Your assignment – The copy has to match the data exactly and leave out every picture.

Given information Block Start

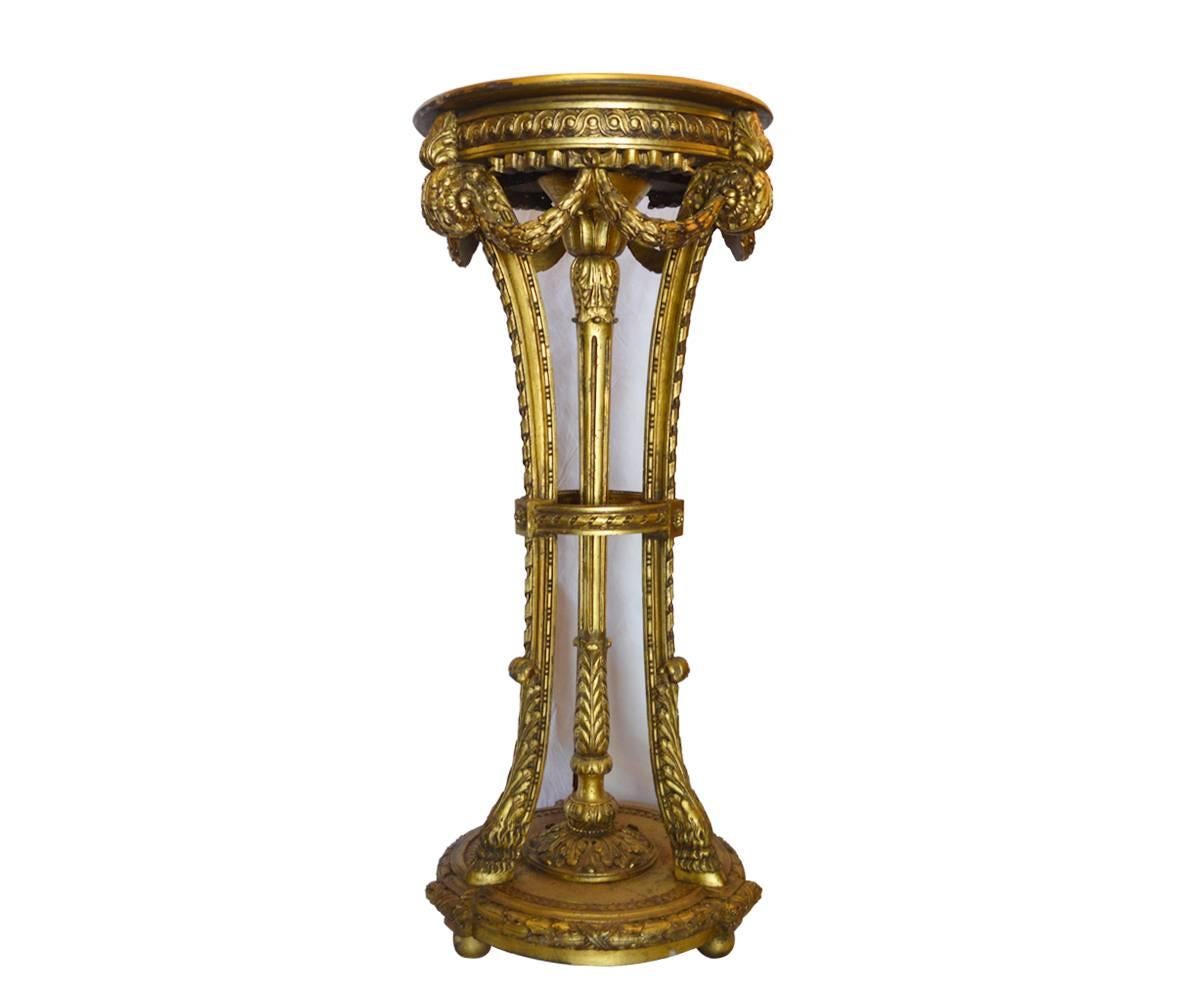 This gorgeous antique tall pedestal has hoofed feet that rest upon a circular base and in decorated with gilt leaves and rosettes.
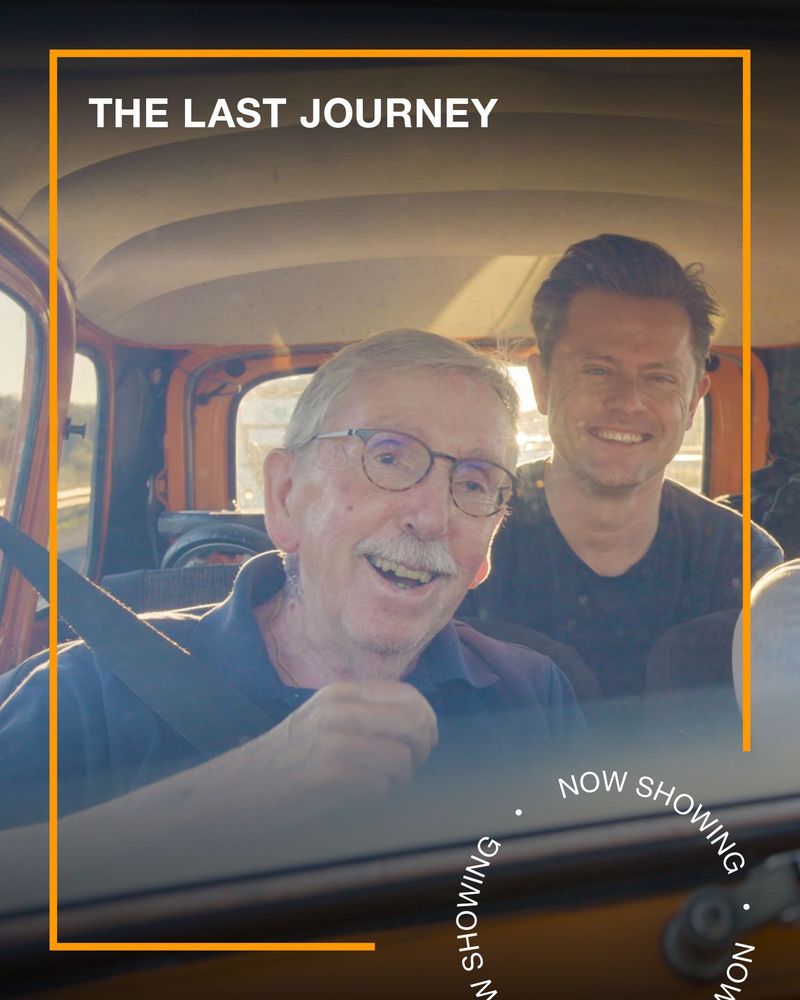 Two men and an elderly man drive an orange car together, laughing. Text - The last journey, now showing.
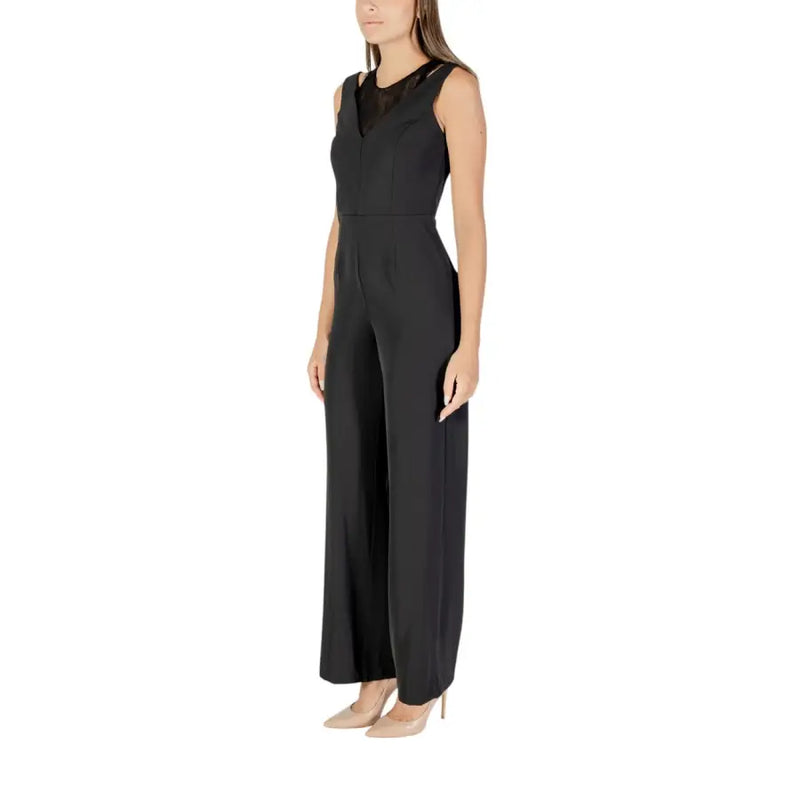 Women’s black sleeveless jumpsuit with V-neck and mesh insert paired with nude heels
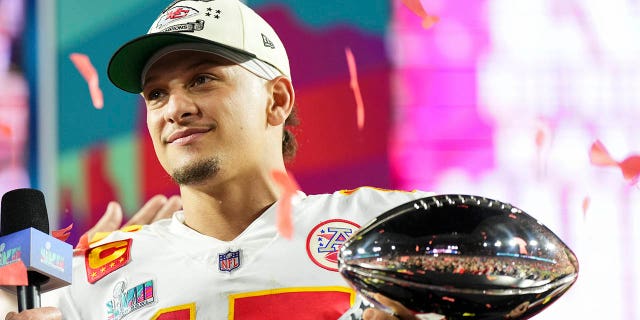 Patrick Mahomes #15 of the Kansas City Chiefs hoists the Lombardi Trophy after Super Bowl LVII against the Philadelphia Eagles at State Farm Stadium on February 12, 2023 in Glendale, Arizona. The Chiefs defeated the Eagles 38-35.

Given information Block End

Completed exercise –
 This gorgeous antique tall pedestal has hoofed feet that rest upon a circular base and in decorated with gilt leaves and rosettes.
 Two men and an elderly man drive an orange car together, laughing. Text - The last journey, now showing.
 Women’s black sleeveless jumpsuit with V-neck and mesh insert paired with nude heels
 Patrick Mahomes #15 of the Kansas City Chiefs hoists the Lombardi Trophy after Super Bowl LVII against the Philadelphia Eagles at State Farm Stadium on February 12, 2023 in Glendale, Arizona. The Chiefs defeated the Eagles 38-35.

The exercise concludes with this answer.